Archives March 2016

When DFS Replication goes wrong…And how to fix it

A while back a client of ours had some issues with DFS replication between 2 nodes. One of the members reported a backlog of over 1 million files!
Upon further investigation, I found the DFS database on that node got corrupted which caused it start the initial sync again.

We let the process run it’s course over a couple of days but noticed the progress was incredibly slow. We were averaging about 3000 files / hour. After some quick math, it’d take about 16 days before the sync completed. And that’s not taking into account anyone working on the file servers.
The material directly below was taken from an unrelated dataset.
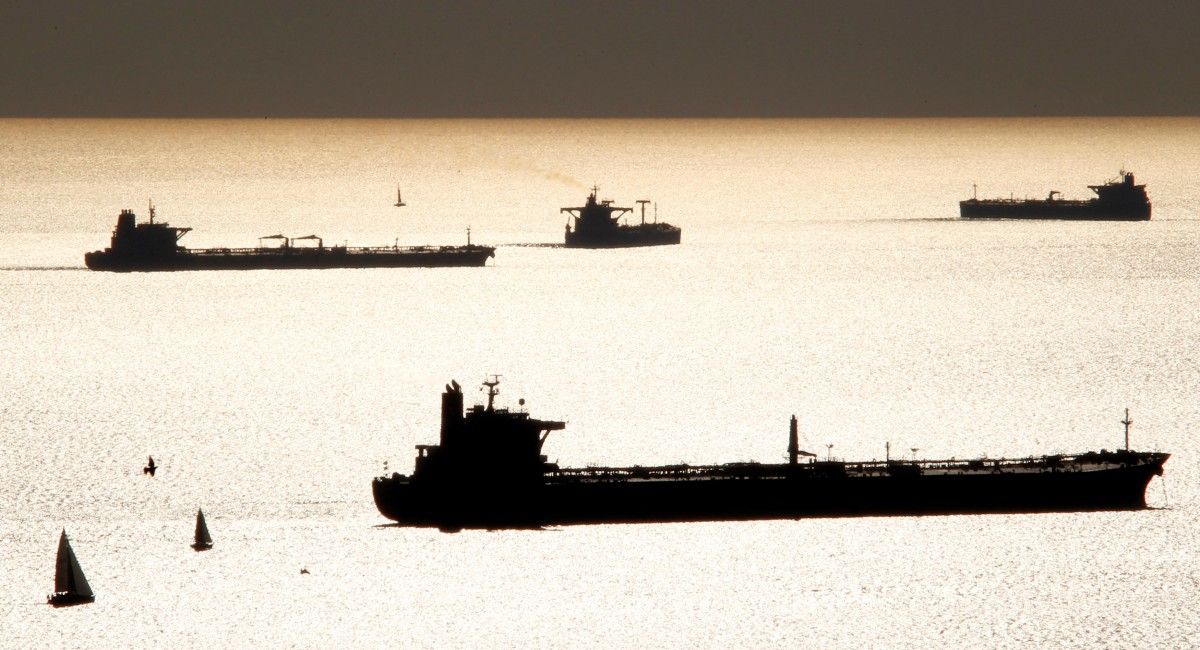 Команда танкера дважды пыталась скрыть его реальное местоположение \ фото REUTERS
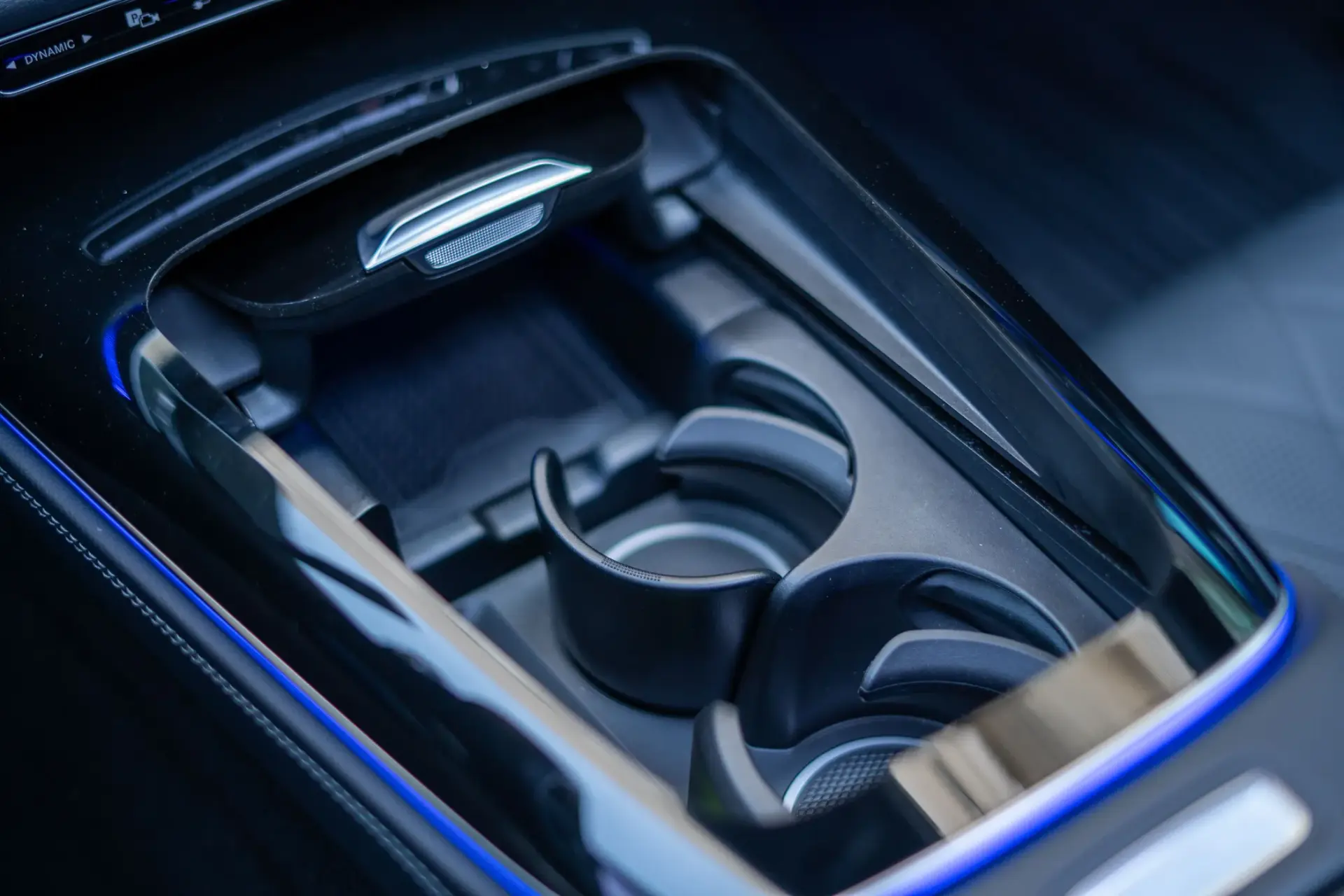 Mercedes-Benz E 300 e Station 64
That is when I stumbled upon this very detailed blog post by Ned Pyle. There he explains in great detail how the process can go faster, using a DFS database clone export and import.

DFS state of affairs

One thing to pay attention to, you can’t import a DFS database on a node that already has a pre-existing database. In order to make this strategy work, we had to make sure all traces of the existing DFS database were gone.

This isn’t as simple as just removing the member and adding it again. When you delete a member from a replication group, that member isn’t actually deleted from the database. The member is marked with a 30-day tombstone flag. If you change any files on that member and then re-add it, the tombstone flag is removed and the files on that member are used and replicated to the other members. You can imagine this can get really ugly if you decide to delete files on that “removed member”. The key takeaway here is to make sure you have a backup before you make any changes!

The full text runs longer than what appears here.